▸ **Task**: Give again, word for word, each line below starting at the one that contains "basement with a" and ending at the one that contains "17th Antique Dutch".

▸ **Recorded information**:
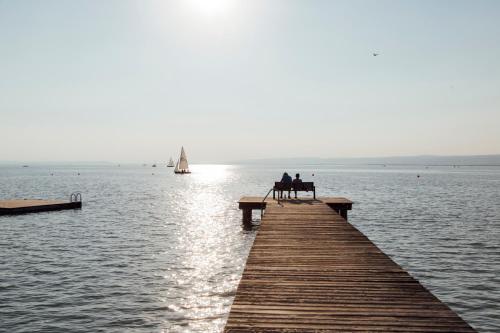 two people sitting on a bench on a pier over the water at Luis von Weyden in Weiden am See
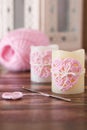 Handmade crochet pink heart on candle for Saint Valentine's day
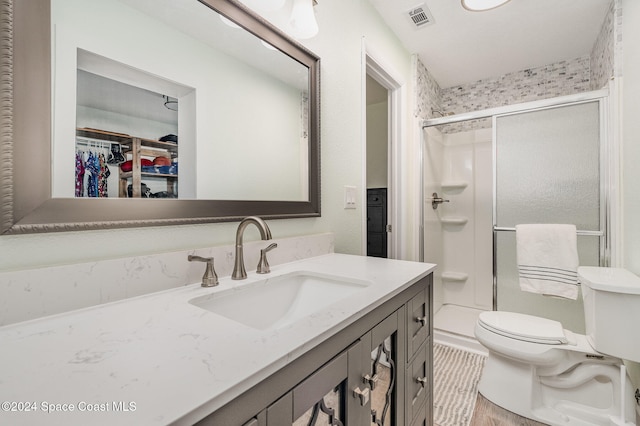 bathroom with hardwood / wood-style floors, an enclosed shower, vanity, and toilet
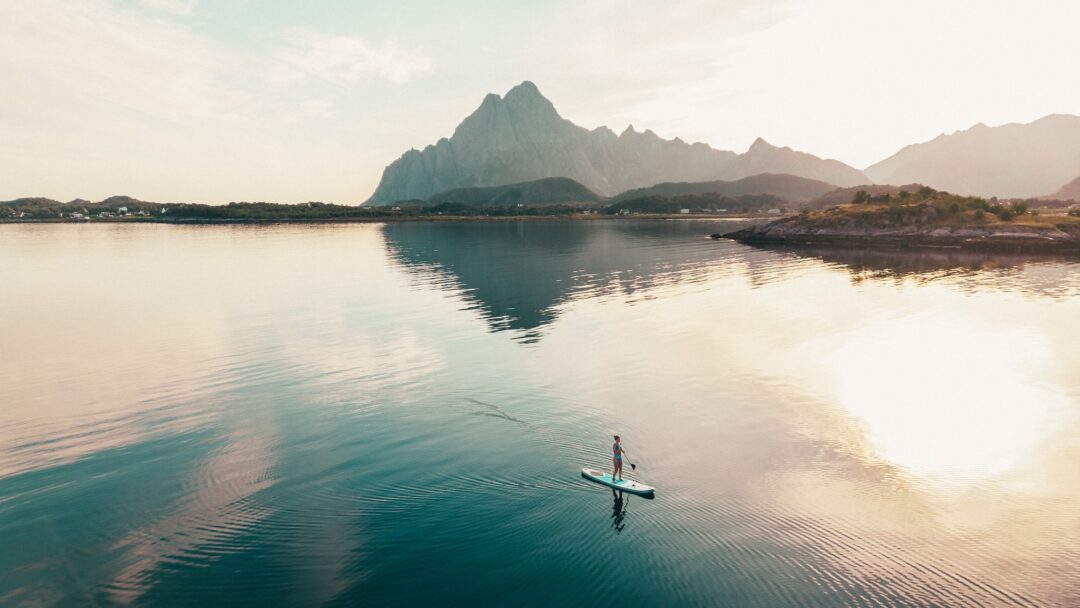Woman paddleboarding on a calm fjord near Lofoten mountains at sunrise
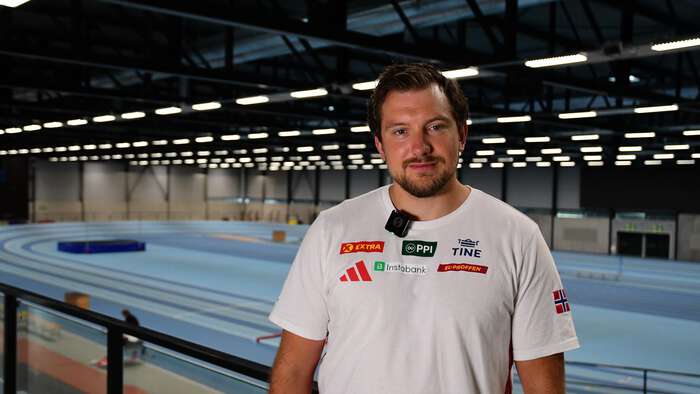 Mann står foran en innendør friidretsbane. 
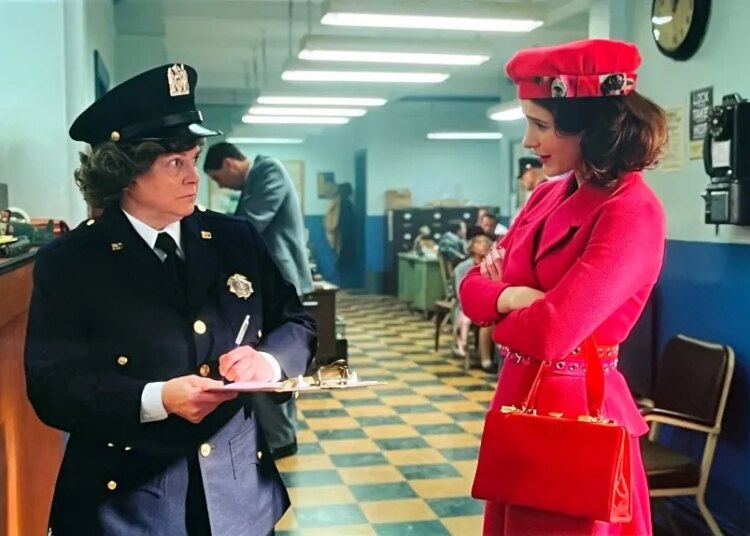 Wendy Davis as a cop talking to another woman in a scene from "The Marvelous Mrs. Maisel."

...

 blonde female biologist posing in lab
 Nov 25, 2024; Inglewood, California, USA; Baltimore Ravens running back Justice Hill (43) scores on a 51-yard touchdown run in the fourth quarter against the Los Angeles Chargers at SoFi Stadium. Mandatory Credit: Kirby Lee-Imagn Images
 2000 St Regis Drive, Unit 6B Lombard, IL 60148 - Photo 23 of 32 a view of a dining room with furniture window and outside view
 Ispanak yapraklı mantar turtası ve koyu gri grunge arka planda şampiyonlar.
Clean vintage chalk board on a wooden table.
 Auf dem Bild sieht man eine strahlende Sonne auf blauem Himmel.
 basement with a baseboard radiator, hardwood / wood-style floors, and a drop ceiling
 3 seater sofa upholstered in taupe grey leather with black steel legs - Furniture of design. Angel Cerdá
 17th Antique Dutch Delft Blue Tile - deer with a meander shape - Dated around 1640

...

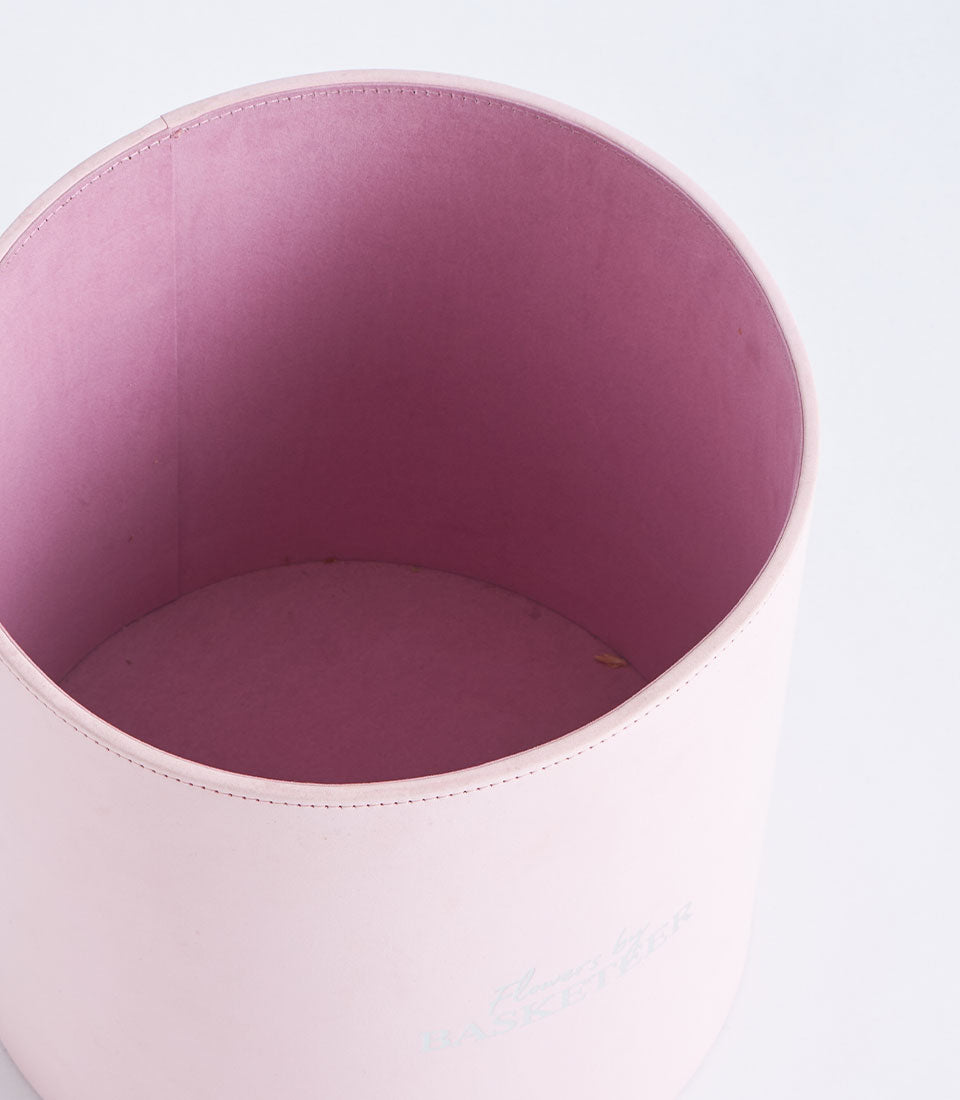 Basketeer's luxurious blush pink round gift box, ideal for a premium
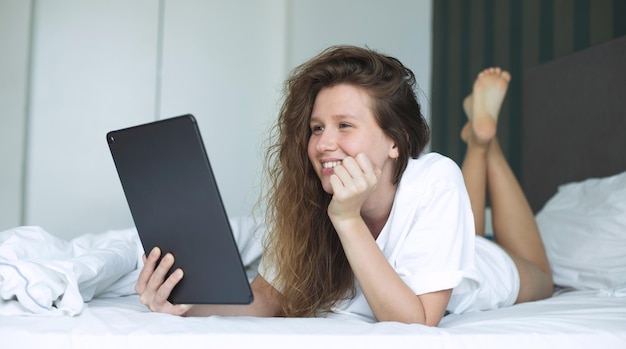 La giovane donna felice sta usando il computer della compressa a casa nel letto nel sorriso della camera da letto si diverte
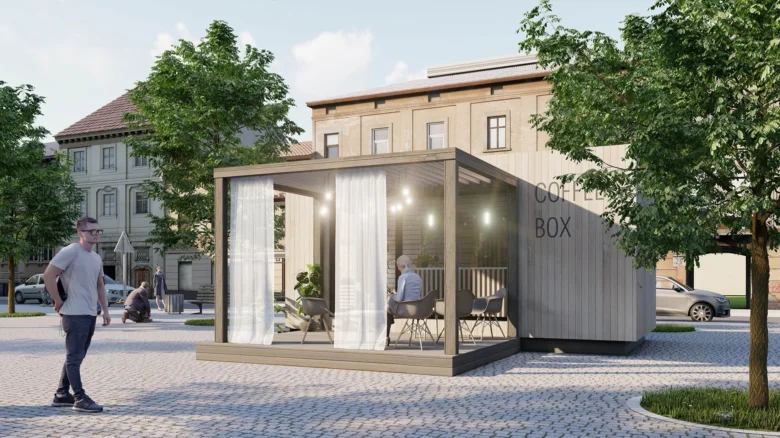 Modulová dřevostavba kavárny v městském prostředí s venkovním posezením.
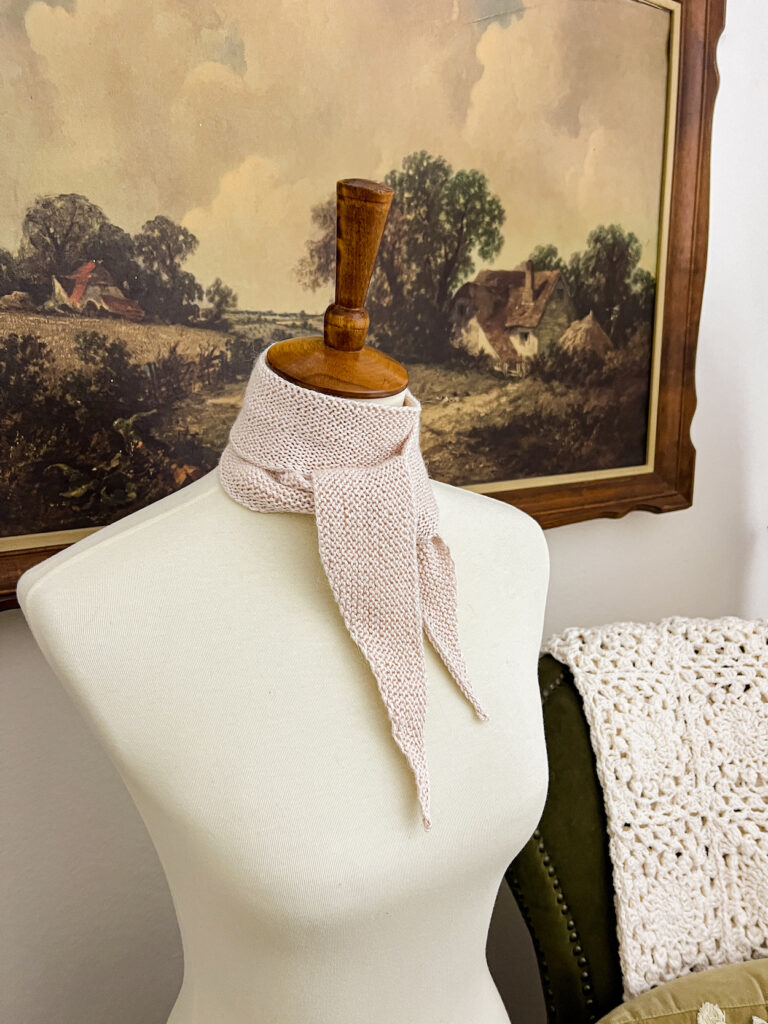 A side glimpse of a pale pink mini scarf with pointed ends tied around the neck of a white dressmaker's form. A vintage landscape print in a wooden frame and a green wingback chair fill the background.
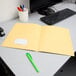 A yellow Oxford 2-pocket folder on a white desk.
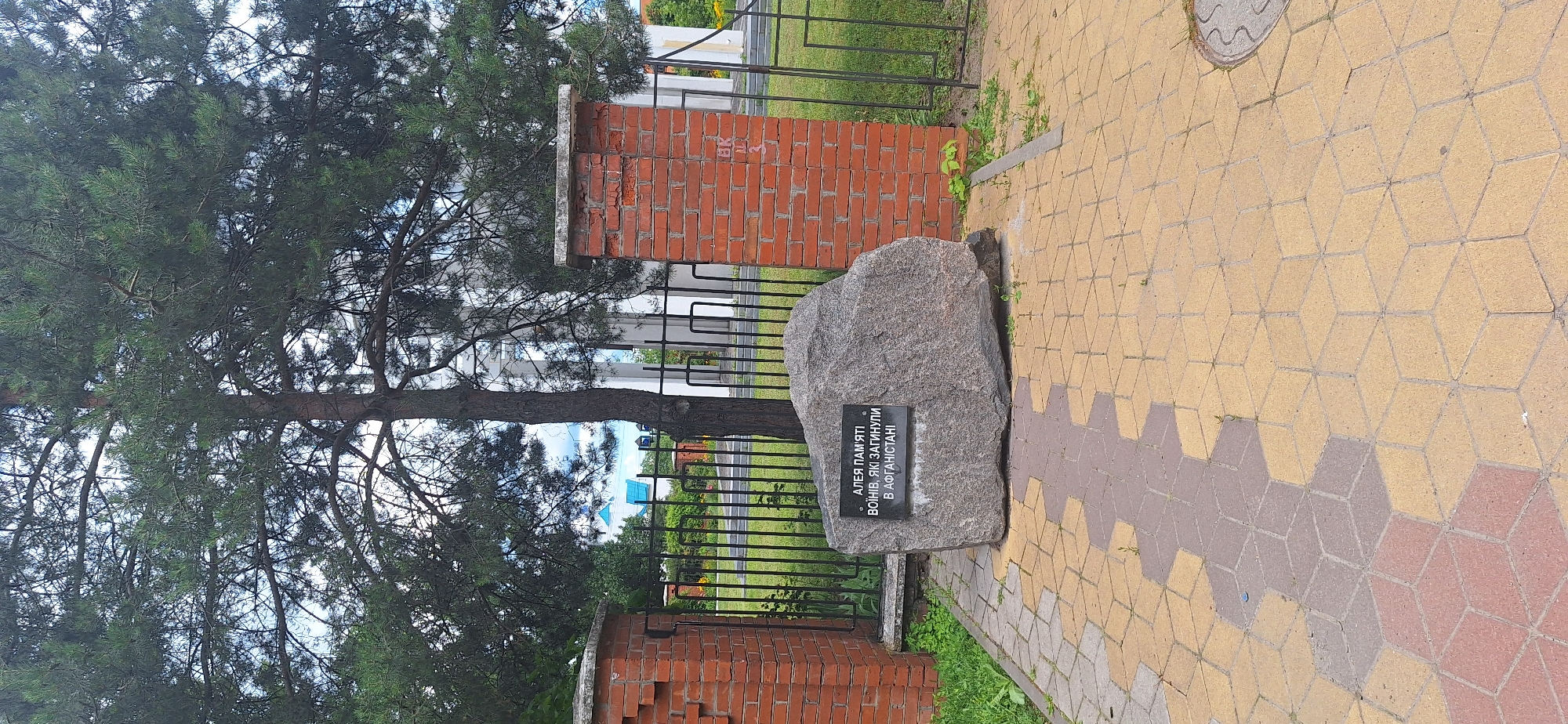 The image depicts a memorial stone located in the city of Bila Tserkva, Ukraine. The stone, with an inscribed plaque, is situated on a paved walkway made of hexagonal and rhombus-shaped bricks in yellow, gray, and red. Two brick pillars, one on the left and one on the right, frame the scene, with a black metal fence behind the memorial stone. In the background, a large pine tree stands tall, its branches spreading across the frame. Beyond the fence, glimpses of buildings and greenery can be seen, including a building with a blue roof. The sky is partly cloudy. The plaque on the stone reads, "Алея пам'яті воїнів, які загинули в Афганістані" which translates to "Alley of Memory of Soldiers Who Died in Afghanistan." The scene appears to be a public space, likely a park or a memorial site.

▸ **Answer area**:
 basement with a baseboard radiator, hardwood / wood-style floors, and a drop ceiling
 3 seater sofa upholstered in taupe grey leather with black steel legs - Furniture of design. Angel Cerdá
 17th Antique Dutch Delft Blue Tile - deer with a meander shape - Dated around 1640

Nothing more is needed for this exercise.